[Another post from my sister, chronicling her recent food exploits in Macau.]
Central Macau- two interesting restaurants
Convenient, cheap and tasty, the two restaurants in the city center of Macau in Senado Square make a good breakfast spot and a simple meal. You can catch a taxi there by telling them that you want to go to the central square or you can find your way there as it’s near the congregation of mass-market (Giordano, Baleno) shops and down the street from the churches and ruins.
Wong Chi Kei
The first is a typical 'cha chan teng' or coffeeshop called "Wong Chi Kei", famous for their beef noodles. You cannot go at peak hour, well, you can but the queue snakes out the door. It's best to go later at 10am or even 10pm when all the city's best are enscounced inside the casino halls. For the second-languaged challenged, this is the signnage outside the door and the modest interior.
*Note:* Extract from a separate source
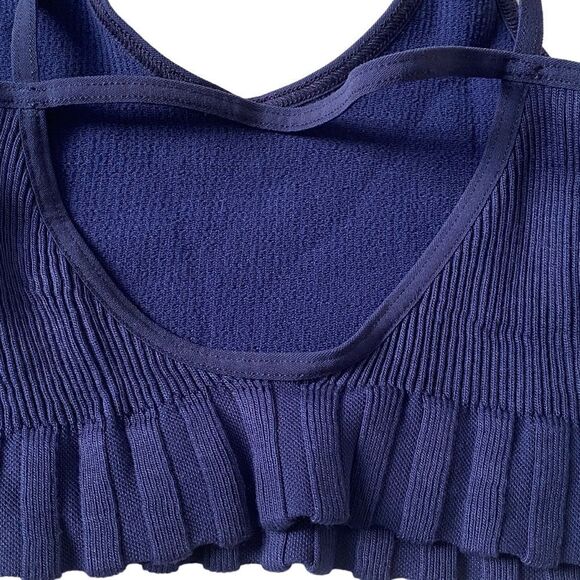 Free People Intimately Set 2 Ribbed Seamless Bralettes Sz XS/S NWOT - Picture 5 of 12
When we went for breakfast, we had the famous noodles, with extra beef tripe and shank meat. The noodles are actually better in HK, these were a little sticky and stringy, as opposed to being full of bounce and bite. They weren't bad though and really quick and simple meal.
We also had the century egg porridge, which was good and the cold milk tea and coffee, which were excellent (and woke us up well after a long night at the Wynn).
We also had the egg and ham sandwiches which the HK-er in our group enthused about as nostalgic and from him childhood but in all honesty it was a little dry. It it typical that you go to Macau, you splurge on accomodation (mostly to avoid the hookers on the Lisboa racetrack- don’t ask me to explain) and yet you hunt out bargains for food.
Yee Shun Milk Company Macau
The second is le original Yee Shun Milk Company. Those who know me well will know that I am absolutely addicted to Shuang Pi Nai, or Dun Nai, "steamed milk with two films". This is basically a mixture of milk and egg white, steamed sometimes with ginger till it forms a pudding with a thin membrane layer on top. It's smooth, silky and totally yummy. Nothing makes me happier than a cold bowl of this stuff and a rich papaya milk. I just had to find the original Yee Shun, which many people told me was in Macau, which is also where this dessert originated.
Here are the pictures of the store front, with the famous shelves of steamed custard and steamed milk (for MOP14 each).
Also, more pictures of the bowls of milk pudding and the papaya milk, which comes in this kitsch engraved metal mug. The conclusion? Yee Shun in Macau is disappointing. Unlike the stores in HK, the milk pudding is watery, diluted, a poor cousin to the stiffer and smoother custard available in the Yee Shun stores along Pilkem Street, Percival Street and Lockhart Street in Causeway Bay (exit C at the Causeway Bay MTR, turn right). You can see, just in the difference in the photographs, the difference in the textures between this pudding and the one in HK. If you can get to HK, go to the bastadized city's outlets, if not, Macau Yee Shun will have to do.
Something to do in Macau
There are not many things to do in Macau, one can gamble and one can…gamble. Perhaps see some very rudimentary ruins and some terrible temples (Sorry, the alliteration was too much to pass on). Also, I tend to believe Macau doesn’t really have much that sets it apart from HK, although yes, it has a Wynn resort and a lot more casinos and probably I will eat my words in a few years when Macau has a Venetian, a Crown, an entire Las-Vegas-y strip and the best conference facilities in Asia.
However, one thing that Macau does have, is awesome pastry shops and dried meat stores. These aren’t small affairs, the shops are really quite large, especially the Pastelaria Chui Heong chain that grew up selling those ubiquitous almond cookies in Macau. These are some pictures from the dried meats seller that we visited, sited pretty near the ruins of the St. Pauls cathedral. The best things to buy are the lup cheong (dried Chinese sausages), the dark blood sausages and the dried fish.